Search code examples
pythonpython-polars

Polars top_k_by with over, k = 1. Bug?


Given the following dataFrame:

pl.DataFrame({
    'A': ['a0', 'a0', 'a1', 'a1'],
    'B': ['b1', 'b2', 'b1', 'b2'],
    'x': [0, 10, 5, 1]
})

I want to take value of column B with max value of column x within same value of A (taken from this question).
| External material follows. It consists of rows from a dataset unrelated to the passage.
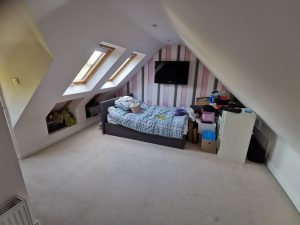 A loft bedroom with striped wallpaper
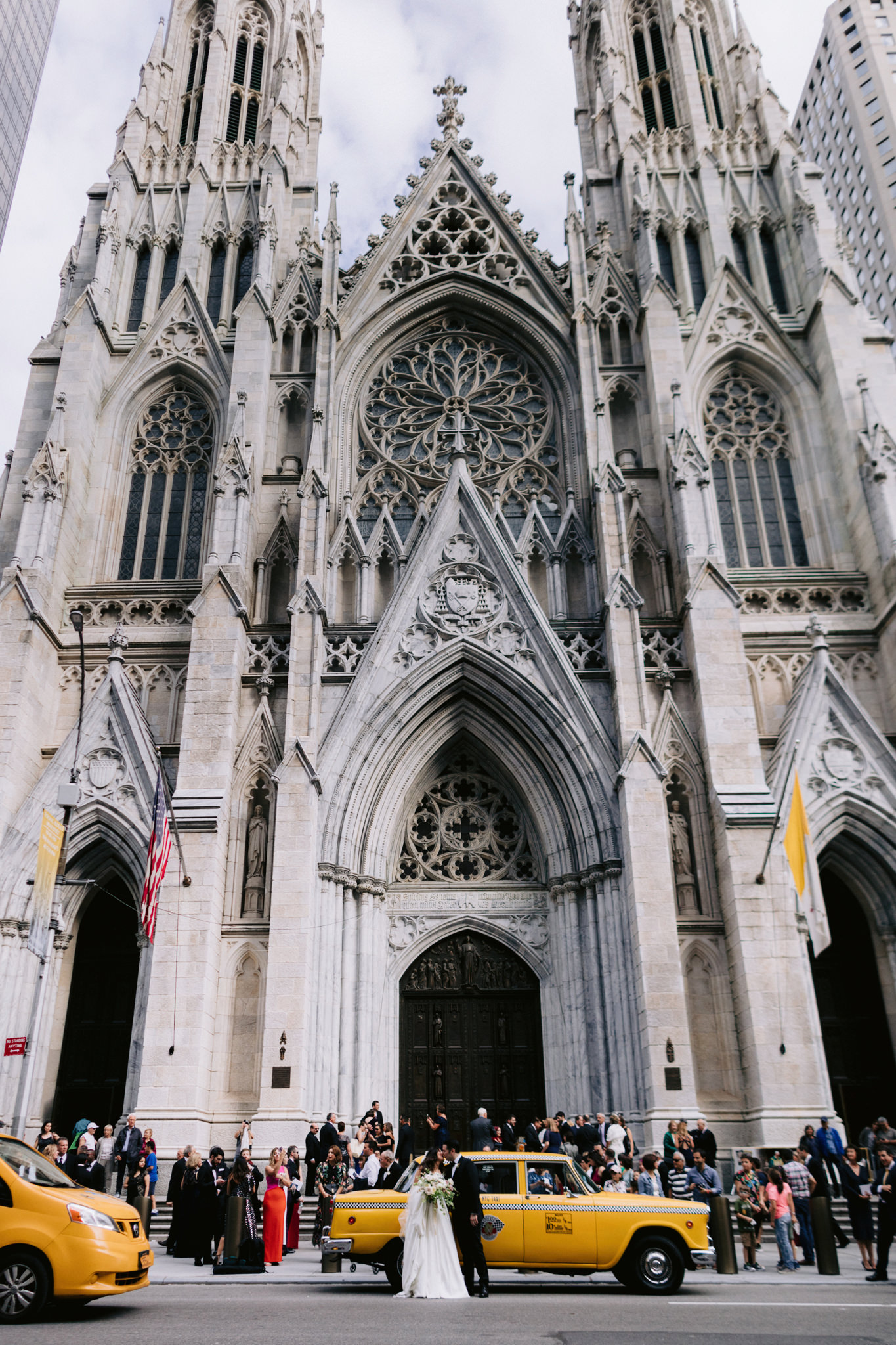 Bride and groom kissing out side of St.Patrick's Cathedral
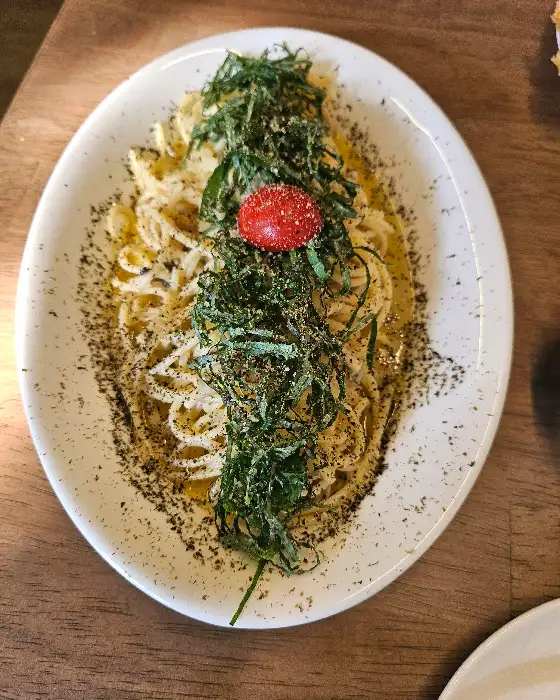 접시 중앙에 푸짐하게 쌓인 깻잎과 토마토가 올라간 파스타.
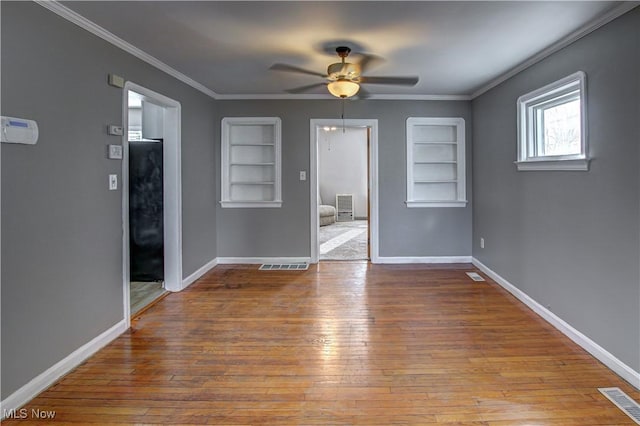 unfurnished room with built in shelves, ceiling fan, ornamental molding, and light hardwood / wood-style flooring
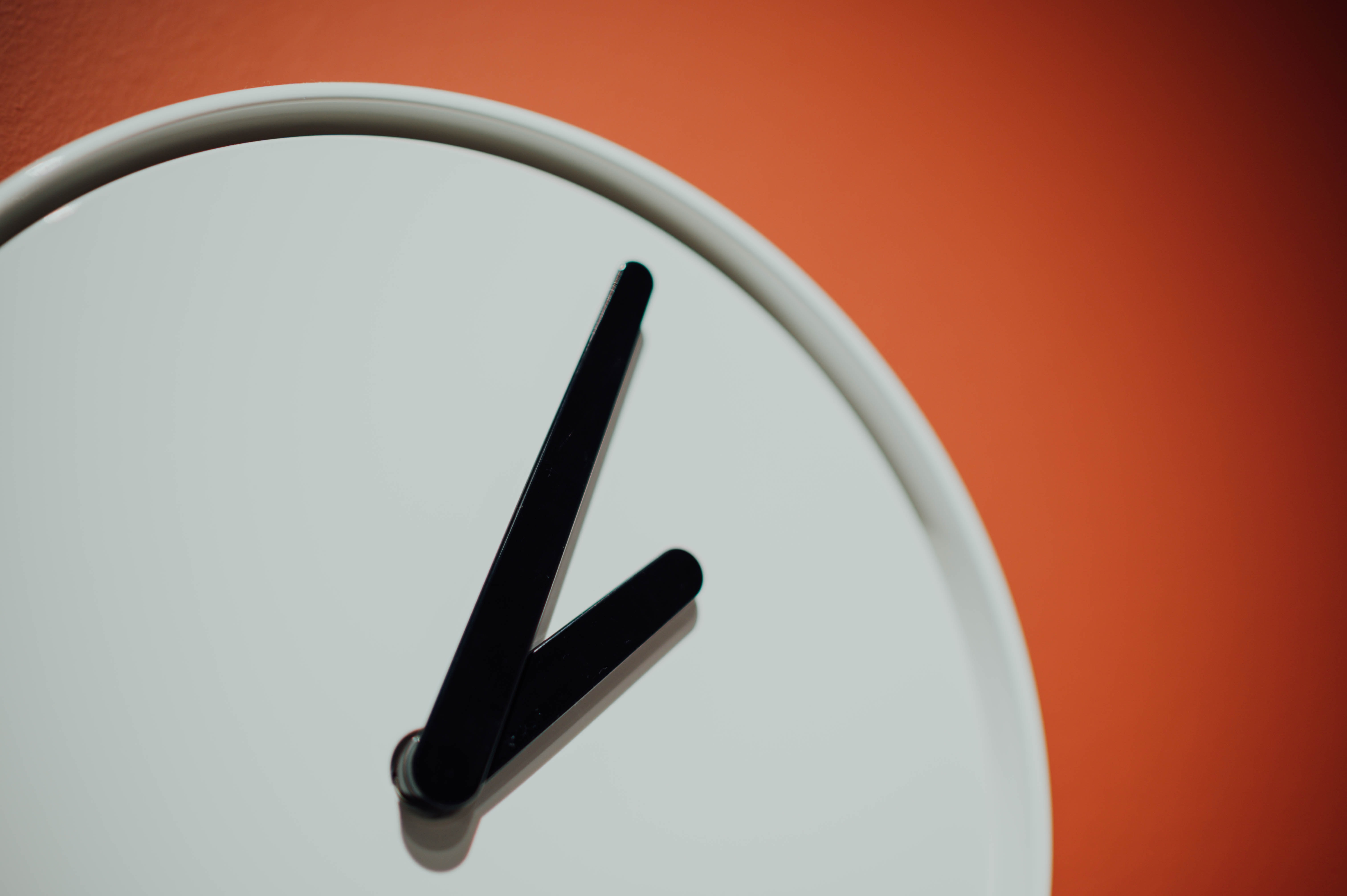 clock with dial on orange background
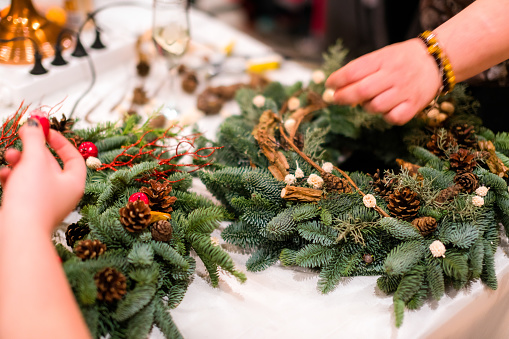 Taller tejido de la guirnalda de Navidad. Manos de mujer decoración corona de vacaciones hecho de ramas de abeto, conos y varias decoraciones orgánicas sobre la mesa photo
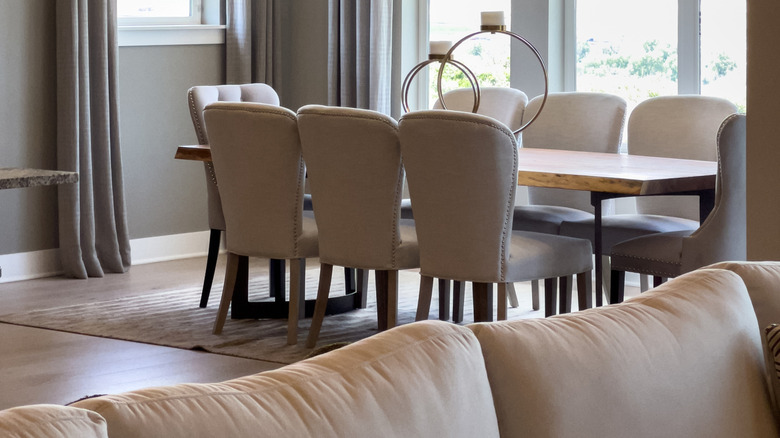 dining room table against a bunch of windows
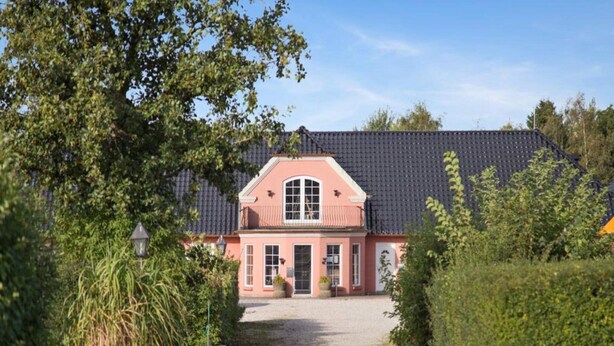 A two-story house with a dark tiled roof, a central entrance, and a gravel driveway. - 2 Person Holiday Park Home in Graested (Graested)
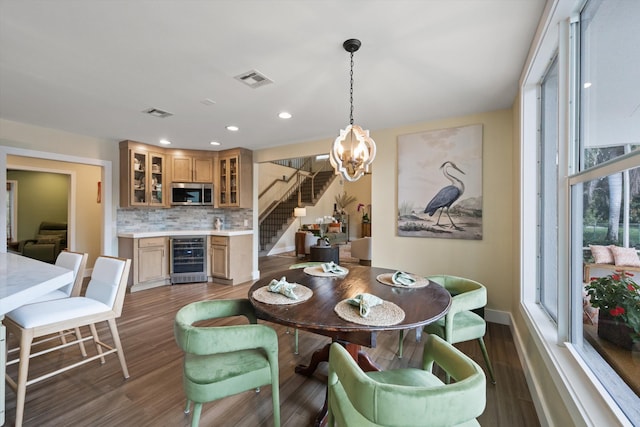 dining room with an inviting chandelier, dark wood-type flooring, beverage cooler, and bar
I know there's solution with pl.Expr.get() and pl.Expr.arg_max(), but I wanted to use pl.Expr.top_k_by() instead, and for some reason it doesn't work for me with k = 1:

df.with_columns(
    pl.col.B.top_k_by("x", 1).over("A").alias("y")
)
ComputeError: the length of the window expression did not match that of the group

Error originated in expression: 'col("B").top_k_by([dyn int: 1, col("x")]).over([col("A")])'

It does work for k = 2 though. Do you think it's a bug?


Solution

  • The error message produced when running your code without the window function gives is a bit more explicit and hints at a solution.

    df.with_columns(
        pl.col("B").top_k_by("x", 1)
    )
    
    InvalidOperationError: Series B, length 1 doesn't match the DataFrame height of 4
    
    If you want expression: col("B").top_k_by([dyn int: 1, col("x")]) to be broadcasted, ensure it is a scalar (for instance by adding '.first()').
    

    Especially, pl.Expr.first can be used to allow for proper broadcasting here.

    df.with_columns(
        pl.col("B").top_k_by("x", 1).first().over("A").alias("y")
    )
    
    shape: (4, 4)
    ┌─────┬─────┬─────┬─────┐
    │ A   ┆ B   ┆ x   ┆ y   │
    │ --- ┆ --- ┆ --- ┆ --- │
    │ str ┆ str ┆ i64 ┆ str │
    ╞═════╪═════╪═════╪═════╡
    │ a0  ┆ b1  ┆ 0   ┆ b2  │
    │ a0  ┆ b2  ┆ 10  ┆ b2  │
    │ a1  ┆ b1  ┆ 5   ┆ b1  │
    │ a1  ┆ b2  ┆ 1   ┆ b1  │
    └─────┴─────┴─────┴─────┘